# Cheers



## Kamil G.

How do I say ( Cheers =) Love you Baby ) in turkish....

Thank you


----------



## Stambouliote

Cheers as a toast? You can say "Şerefe!"

( Cheers =) Love you Baby ) >>> Şerefe! Seni seviyorum bebeğim/tatlım/canım


----------



## Orkide

It could be "Cheers" as in "Thank you" as well. I'd write "sağol" in that case.


----------



## shiningstar

Kamil G. said:


> How do I say ( Cheers =) Love you Baby ) in turkish....
> 
> Thank you


 
"Cheers" sounds as a greeting word in the phrase you gave. If this is the case, you may want to say:

"Selamlar" or "Merhaba", or depending on the hour of the day:
"Günaydın, seni seviyorum bebeğim/aşkım/canım, etc." (good morning)
"Mutlu sabahlar (or akşamlar)" (Happy morning -evening)

I cant think of any word that exactly corresponds to this greeting but I hope these words will help.


----------



## Orkide

shiningstar said:


> "Cheers" sounds as a greeting word in the phrase you gave. If this is the case, you may want to say:
> 
> "Selamlar" or "Merhaba", or depending on the hour of the day:
> "Günaydın, seni seviyorum bebeğim/aşkım/canım, etc." (good morning)
> "Mutlu sabahlar (or akşamlar)" (Happy morning -evening)
> 
> I cant think of any word that exactly corresponds to this greeting but I hope these words will help.

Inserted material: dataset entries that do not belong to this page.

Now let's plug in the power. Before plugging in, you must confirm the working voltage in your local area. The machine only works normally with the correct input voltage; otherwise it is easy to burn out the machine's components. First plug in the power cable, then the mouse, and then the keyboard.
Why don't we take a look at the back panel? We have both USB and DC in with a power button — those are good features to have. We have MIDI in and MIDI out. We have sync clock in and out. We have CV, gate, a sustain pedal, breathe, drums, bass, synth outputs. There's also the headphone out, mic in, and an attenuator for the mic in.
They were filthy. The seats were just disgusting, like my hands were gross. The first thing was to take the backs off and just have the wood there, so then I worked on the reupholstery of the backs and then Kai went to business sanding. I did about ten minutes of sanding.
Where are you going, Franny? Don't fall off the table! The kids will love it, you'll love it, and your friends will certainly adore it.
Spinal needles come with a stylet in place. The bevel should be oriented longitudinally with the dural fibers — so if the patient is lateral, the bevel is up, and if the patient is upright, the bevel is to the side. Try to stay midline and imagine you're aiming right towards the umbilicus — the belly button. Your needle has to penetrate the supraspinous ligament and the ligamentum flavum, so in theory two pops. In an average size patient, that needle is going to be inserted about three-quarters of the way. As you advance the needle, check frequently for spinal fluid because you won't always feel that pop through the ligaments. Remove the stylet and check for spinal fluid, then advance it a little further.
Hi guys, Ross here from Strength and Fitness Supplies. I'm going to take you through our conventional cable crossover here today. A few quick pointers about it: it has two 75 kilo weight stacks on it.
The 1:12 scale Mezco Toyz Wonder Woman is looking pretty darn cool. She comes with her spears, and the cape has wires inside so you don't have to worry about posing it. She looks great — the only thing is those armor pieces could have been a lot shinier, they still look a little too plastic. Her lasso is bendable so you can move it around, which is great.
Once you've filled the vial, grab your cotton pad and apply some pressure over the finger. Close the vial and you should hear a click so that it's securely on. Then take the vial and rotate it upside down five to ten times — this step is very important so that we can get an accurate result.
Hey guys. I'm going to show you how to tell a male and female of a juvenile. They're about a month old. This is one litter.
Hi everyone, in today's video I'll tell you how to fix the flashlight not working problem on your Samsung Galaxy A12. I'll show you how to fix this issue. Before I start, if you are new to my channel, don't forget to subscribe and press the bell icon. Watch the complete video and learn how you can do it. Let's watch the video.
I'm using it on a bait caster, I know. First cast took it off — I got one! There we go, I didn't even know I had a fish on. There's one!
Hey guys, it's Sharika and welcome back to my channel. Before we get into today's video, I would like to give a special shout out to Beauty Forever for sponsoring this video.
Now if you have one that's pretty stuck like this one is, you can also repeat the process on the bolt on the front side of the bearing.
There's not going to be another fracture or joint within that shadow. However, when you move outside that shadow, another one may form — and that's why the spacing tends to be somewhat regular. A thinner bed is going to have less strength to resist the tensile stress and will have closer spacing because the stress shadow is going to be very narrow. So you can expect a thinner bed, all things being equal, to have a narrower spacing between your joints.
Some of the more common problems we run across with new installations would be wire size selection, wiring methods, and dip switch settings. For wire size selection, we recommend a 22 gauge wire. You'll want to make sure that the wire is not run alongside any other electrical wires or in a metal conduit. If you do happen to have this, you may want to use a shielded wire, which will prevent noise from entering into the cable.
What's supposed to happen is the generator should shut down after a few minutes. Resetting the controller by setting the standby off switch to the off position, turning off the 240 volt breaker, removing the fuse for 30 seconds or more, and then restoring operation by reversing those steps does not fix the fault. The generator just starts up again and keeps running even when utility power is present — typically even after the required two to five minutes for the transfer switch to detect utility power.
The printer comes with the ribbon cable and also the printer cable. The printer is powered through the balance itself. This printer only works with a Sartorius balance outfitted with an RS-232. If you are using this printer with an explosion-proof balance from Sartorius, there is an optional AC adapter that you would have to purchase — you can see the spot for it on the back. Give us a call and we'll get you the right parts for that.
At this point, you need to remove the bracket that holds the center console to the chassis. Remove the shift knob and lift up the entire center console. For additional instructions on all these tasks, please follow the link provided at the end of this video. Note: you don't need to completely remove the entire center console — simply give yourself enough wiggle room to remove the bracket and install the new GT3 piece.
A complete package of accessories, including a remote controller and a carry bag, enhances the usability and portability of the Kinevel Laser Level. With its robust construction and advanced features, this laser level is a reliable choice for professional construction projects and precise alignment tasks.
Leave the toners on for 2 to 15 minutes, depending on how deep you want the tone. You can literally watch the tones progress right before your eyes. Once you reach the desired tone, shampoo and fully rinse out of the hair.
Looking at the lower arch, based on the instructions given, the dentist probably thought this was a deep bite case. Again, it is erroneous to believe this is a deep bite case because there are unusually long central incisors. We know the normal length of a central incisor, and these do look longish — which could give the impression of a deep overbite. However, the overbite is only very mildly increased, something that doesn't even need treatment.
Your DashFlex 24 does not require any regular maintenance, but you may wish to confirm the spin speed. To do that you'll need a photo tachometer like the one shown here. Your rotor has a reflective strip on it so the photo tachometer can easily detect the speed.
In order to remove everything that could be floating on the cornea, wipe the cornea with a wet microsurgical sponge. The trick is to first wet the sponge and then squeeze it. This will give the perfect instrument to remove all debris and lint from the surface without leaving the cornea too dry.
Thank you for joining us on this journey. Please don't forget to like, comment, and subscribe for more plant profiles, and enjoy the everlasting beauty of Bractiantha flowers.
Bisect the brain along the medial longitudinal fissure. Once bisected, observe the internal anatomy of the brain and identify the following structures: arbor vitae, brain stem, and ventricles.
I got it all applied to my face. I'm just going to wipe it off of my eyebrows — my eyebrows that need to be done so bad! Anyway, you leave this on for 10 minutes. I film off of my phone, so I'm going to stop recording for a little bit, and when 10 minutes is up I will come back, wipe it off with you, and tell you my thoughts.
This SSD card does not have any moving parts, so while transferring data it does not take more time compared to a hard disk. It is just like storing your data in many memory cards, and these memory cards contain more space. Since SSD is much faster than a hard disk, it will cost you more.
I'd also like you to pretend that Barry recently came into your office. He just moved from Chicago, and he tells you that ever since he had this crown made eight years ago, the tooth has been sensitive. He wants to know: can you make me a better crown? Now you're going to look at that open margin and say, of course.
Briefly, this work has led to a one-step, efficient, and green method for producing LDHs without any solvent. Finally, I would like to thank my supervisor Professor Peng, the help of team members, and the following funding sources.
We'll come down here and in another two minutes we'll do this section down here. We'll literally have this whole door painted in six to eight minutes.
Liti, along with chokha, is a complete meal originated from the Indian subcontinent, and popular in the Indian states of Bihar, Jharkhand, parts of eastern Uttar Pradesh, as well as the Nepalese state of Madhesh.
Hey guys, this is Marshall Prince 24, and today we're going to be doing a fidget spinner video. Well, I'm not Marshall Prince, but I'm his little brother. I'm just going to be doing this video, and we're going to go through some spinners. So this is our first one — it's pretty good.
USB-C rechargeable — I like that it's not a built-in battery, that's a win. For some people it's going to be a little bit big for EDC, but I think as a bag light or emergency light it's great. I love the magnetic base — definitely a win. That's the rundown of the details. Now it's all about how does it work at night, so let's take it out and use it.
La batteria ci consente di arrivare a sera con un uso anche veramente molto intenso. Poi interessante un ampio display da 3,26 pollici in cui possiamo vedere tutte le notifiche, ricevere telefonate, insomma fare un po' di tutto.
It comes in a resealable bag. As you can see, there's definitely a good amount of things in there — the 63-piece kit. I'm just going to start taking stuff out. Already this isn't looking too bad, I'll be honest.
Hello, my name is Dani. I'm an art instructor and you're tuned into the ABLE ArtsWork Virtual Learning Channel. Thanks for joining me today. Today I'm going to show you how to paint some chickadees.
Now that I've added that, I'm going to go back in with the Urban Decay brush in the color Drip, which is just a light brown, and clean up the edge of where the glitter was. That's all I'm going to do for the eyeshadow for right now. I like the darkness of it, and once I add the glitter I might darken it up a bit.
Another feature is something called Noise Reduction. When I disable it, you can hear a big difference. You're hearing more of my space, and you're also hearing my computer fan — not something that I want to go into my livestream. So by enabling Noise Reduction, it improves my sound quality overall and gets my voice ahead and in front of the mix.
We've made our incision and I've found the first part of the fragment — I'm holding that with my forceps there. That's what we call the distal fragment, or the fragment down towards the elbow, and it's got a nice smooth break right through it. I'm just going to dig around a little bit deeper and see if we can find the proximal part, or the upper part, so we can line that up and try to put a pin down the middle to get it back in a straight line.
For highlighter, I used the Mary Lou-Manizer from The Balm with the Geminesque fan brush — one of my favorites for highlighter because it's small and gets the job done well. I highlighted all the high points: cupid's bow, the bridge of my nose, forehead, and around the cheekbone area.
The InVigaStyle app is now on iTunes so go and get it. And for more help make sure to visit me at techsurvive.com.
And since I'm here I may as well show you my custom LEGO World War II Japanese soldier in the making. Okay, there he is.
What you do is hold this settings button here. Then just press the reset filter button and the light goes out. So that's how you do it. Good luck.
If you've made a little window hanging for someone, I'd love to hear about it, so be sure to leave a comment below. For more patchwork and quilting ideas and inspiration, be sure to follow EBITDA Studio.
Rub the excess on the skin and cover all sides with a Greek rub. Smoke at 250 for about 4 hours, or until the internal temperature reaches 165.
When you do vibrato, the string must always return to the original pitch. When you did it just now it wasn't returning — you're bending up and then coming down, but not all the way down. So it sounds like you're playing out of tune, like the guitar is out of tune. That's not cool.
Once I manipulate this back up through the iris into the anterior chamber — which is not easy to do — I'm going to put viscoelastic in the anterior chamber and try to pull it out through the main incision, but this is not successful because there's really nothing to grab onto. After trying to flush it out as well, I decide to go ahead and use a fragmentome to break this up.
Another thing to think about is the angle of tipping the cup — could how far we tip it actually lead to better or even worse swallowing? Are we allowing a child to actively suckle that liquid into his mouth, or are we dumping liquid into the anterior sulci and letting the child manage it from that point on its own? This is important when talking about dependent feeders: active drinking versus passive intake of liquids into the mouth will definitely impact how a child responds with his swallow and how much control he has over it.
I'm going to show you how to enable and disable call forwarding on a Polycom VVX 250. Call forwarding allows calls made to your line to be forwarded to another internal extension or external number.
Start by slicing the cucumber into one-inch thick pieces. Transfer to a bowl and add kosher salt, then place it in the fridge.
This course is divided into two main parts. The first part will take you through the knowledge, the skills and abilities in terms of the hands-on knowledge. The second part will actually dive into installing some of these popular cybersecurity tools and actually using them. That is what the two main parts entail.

According to Oxford's online Dictionary, "cheers" has two meanings. But it's not a greeting.

*cheers*


  • *exclamation* informal *1* expressing good wishes before drinking. *2* chiefly Brit. said to  express gratitude or on parting.


Best wishes,

O.


----------



## shiningstar

Orkide said:


> According to Oxford's online Dictionary, "cheers" has two meanings. But it's not a greeting.
> 
> *cheers*
> 
> 
> • *exclamation* informal *1* expressing good wishes before drinking. *2* chiefly Brit. said to express gratitude or on parting.
> 
> 
> Best wishes,
> 
> 
> O.


 
Cheers has also a meaning of salutation. Have you ever heard somebody says that "Şerefe, Seni seviyorum"? I, personally, haven't heard such exclamation is used in our country. If you take a look not just at "Cheers" but at "cheer" too you will understand my message. We have to interprete (but not translate!) it into our language logic.

All the Best.
M.

PS: I've just realize that your native language is dutch. To my language "cheers", as it were in the phrase above, can only be interpreted as a greeting word. Of course it's my language logic, others may think otherwise.


----------



## Orkide

shiningstar said:


> Cheers has also a meaning of salutation. Have you ever heard somebody says that "Şerefe, Seni seviyorum"? I, personally, haven't heard such exclamation is used in our country. If you take a look not just at "Cheers" but at "cheer" too you will understand my message. We have to interprete (but not translate!) it into our language logic.
> 
> All the Best.
> M.
> 
> PS: I've just realize that your native language is dutch. To my language "cheers", as it were in the phrase above, can only be interpreted as a greeting word. Of course it's my language logic, others may think otherwise.



Hi Shiningstar

My mother tongue is Dutch indeed. I was hoping for a native English person to answer this thread, since my English may be good, but not like a native person's of course.

I was searching a bit, and found these threads:
http://forum.wordreference.com/showthread.php?t=912
http://forum.wordreference.com/showthread.php?t=518277
http://www.urbandictionary.com/define.php?term=cheers

People all agree that "cheers" is commonly accepted and used as another word for "thanks", but there is some discussion about the "goodbye" meaning (you'll see when you read the threads). 
It could *not *mean  something like "merhaba" though.
And in America they only use it when meaning "şerefe".

It would be nice if the OP came back to say what he actually meant 

Have a nice day.


----------



## Kamil G.

If you can help me how can I say  (I believe together we'll fly!! I believe in the power of you and I ) in Turkish.... 

Thank you


----------